=== WHAT YOU ARE ASKED TO DO ===
The expected output is the set of lines below beginning at the one that contains "Used 2023 Gun" and ending at the final line, reproduced exactly.

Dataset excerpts
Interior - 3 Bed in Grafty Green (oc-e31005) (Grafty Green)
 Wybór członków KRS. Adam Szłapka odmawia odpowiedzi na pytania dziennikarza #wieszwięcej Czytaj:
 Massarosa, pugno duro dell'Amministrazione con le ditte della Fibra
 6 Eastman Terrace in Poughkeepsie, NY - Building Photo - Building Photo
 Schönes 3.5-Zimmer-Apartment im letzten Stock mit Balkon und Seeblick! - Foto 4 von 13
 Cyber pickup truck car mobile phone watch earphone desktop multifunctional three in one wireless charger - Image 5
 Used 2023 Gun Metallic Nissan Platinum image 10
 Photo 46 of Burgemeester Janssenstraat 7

=== THE COMPLETED TASK ===
 Used 2023 Gun Metallic Nissan Platinum image 10
 Photo 46 of Burgemeester Janssenstraat 7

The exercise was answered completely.